No cabe duda que la palabra viene en decadencia galopante. Al menos, los de mi generación, recordamos cuando la palabra tenía un valor sagrado. Dada la palabra no había más alternativa. Se sabía que esa palabra tenía verdadero cumplimiento y, de una manera coloquial se decía, "esa palabra va a misa". Tender la mano y, como garantía de la palabra dada, estrecharla con el otro, sellaba de manera formal y segura el trato convenido.
Hoy la decandencia ha sido imparable. Ya no hay confianza en esa palabra que el hombre da e incluso, los contratos tienen hasta cierto punto el riesgo de no ser cumplidos. Hay mucha demagogia y muchas artimañas para deshacer lo que ayer se había acordado y reseñado en un contrato. La ley se utiliza para destruir en lugar de construir, y, donde dice digo se entiende otra cosa. El lenguage se tergiversa y se utiliza en provecho propio de acuerdo con mis intereses. Y eso es lo que, al parecer, prima.
Ante toda esta barbarie, la palabra del creyente que inaugura el Reino de Dios, se erige como verdad sincera, honrada, justa que basta por sí misma. Es una palabra que tiene verdadera correspondencia, desde los labios, por donde se da a conocer, hasta el corazón donde realmente nace.

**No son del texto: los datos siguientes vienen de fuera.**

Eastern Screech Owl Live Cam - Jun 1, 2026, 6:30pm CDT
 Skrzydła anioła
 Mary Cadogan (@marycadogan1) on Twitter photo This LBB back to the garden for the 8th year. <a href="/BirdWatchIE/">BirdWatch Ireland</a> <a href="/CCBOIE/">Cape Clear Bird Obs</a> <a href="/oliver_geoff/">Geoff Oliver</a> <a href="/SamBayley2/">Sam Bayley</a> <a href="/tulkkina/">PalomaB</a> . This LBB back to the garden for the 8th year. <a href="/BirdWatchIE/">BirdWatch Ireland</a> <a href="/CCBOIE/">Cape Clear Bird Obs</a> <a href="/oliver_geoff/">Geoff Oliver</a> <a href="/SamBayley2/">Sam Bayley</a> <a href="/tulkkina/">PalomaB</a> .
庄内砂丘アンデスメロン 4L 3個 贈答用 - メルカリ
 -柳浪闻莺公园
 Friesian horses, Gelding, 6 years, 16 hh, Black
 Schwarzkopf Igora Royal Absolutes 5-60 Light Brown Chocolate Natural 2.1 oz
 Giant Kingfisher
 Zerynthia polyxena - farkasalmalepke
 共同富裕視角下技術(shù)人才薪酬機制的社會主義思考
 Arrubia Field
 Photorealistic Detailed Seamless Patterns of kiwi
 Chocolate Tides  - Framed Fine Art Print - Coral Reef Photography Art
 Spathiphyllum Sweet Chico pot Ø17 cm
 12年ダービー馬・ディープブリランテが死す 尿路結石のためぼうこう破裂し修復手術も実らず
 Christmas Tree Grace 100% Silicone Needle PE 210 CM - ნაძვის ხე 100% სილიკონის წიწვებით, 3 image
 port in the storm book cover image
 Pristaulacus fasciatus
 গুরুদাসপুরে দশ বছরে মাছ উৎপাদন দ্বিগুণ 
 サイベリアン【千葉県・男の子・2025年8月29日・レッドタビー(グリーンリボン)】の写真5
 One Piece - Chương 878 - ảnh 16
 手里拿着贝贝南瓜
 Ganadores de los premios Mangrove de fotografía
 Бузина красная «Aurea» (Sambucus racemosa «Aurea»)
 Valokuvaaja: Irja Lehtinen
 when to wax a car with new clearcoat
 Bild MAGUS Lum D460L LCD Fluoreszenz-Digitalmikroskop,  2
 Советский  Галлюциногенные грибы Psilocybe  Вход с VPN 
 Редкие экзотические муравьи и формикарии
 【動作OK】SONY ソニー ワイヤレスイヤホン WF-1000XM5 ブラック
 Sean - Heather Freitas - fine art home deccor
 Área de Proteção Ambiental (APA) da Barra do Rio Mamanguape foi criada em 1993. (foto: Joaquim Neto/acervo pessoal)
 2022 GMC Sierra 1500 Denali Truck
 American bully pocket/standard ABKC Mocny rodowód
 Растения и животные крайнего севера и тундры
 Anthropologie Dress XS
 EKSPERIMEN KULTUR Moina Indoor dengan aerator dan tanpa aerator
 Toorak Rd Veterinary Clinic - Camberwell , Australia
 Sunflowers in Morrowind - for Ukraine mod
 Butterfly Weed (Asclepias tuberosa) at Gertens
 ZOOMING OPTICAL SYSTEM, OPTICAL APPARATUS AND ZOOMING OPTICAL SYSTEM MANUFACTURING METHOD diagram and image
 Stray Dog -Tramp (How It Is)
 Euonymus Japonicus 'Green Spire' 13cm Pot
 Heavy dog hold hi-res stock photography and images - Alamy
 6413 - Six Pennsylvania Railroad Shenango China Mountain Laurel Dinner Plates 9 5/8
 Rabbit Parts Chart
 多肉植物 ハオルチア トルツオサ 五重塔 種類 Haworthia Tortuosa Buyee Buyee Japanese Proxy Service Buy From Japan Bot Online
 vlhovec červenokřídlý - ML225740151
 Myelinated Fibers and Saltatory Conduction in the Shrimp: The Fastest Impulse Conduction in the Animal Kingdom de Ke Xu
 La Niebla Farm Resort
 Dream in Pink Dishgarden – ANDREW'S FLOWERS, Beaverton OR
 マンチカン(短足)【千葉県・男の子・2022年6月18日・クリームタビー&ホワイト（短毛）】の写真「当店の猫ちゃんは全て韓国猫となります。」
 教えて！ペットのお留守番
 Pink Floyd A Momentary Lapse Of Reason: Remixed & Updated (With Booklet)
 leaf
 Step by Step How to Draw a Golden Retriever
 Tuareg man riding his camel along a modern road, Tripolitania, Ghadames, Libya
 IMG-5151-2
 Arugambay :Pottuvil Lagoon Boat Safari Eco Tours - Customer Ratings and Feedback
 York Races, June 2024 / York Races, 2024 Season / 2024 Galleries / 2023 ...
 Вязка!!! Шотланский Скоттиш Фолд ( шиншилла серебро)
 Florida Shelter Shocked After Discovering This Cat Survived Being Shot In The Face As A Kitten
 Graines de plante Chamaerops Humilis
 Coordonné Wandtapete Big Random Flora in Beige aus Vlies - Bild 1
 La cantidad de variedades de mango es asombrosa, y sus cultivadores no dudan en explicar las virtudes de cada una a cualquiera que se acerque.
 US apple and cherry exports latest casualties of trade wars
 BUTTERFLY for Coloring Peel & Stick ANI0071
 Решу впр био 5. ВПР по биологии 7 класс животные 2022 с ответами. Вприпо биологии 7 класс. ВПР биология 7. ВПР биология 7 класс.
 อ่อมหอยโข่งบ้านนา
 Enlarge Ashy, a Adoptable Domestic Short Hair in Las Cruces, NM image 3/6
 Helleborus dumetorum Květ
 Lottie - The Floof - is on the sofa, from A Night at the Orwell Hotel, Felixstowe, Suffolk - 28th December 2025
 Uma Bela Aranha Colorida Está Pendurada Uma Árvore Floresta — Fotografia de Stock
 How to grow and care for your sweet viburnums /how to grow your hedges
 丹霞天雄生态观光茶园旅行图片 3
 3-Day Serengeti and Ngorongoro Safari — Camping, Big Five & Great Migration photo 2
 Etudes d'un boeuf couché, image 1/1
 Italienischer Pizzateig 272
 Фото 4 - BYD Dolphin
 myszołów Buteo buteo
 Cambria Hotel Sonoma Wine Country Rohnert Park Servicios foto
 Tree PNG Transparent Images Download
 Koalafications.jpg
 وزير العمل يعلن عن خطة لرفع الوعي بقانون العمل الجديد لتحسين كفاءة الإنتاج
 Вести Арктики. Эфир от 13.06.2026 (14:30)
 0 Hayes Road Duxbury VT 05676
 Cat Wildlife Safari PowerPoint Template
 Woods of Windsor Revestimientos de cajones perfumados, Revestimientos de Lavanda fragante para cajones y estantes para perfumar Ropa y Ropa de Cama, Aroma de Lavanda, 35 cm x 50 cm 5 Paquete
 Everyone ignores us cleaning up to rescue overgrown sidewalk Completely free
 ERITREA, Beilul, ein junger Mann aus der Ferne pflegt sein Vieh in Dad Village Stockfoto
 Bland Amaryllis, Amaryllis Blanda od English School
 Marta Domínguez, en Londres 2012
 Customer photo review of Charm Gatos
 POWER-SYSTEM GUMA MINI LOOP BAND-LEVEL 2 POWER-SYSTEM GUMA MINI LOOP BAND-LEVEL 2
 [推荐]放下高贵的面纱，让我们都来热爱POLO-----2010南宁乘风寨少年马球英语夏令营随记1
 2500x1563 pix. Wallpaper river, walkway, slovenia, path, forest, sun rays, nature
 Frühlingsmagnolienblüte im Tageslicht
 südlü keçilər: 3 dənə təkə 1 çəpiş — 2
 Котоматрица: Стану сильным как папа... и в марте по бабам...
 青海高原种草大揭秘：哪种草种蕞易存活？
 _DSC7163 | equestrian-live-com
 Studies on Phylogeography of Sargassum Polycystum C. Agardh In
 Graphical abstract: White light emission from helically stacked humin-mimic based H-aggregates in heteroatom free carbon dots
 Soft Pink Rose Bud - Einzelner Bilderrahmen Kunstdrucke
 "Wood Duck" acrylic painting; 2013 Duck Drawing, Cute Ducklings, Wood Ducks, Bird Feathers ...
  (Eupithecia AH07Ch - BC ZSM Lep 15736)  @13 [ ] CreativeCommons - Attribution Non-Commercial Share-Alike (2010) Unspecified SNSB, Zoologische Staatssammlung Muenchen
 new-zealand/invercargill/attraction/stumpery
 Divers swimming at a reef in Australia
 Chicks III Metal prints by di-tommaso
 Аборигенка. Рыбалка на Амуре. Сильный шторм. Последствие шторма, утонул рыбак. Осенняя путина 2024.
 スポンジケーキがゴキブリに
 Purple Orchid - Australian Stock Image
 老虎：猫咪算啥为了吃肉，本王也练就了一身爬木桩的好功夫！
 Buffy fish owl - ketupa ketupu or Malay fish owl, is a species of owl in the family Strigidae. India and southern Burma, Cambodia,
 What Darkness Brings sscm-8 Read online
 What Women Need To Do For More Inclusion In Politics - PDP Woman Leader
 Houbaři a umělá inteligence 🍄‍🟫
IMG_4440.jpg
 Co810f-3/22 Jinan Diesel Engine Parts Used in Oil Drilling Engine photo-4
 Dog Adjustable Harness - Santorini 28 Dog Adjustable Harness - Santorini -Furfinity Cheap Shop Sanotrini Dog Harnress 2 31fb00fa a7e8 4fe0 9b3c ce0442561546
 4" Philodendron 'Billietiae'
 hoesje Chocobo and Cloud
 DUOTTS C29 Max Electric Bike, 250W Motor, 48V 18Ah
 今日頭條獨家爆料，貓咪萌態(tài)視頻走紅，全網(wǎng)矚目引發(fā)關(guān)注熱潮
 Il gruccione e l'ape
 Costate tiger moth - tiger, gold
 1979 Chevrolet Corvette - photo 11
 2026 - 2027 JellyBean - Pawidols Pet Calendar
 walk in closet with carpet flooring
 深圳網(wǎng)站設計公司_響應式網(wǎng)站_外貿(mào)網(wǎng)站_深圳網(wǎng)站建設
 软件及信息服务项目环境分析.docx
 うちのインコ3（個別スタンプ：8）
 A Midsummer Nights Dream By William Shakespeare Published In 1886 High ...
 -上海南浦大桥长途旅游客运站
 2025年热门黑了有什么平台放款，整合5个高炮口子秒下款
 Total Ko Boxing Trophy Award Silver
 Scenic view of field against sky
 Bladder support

Un sí o un no basta por sí mismo para dar garantía de verdad de la palabra. Porque, la vida de un creyente debe ser testimonio de la verdad y reflejo de lo que vive en su corazón.
Un corazón que sigue el Camino, la Verdad y la Vida con lo que se identifica Jesús y a quien seguimos todos los cristianos para, injertados y fortalecidos en Él, seamos bien reflejo de ese Camino, de esa Verdad y de esa Vida. Y pidamos que nuestra verdad sea siempre iluminada en la única Verdad que, en la hora de nuestro bautismo, mora en nosotros. Amén.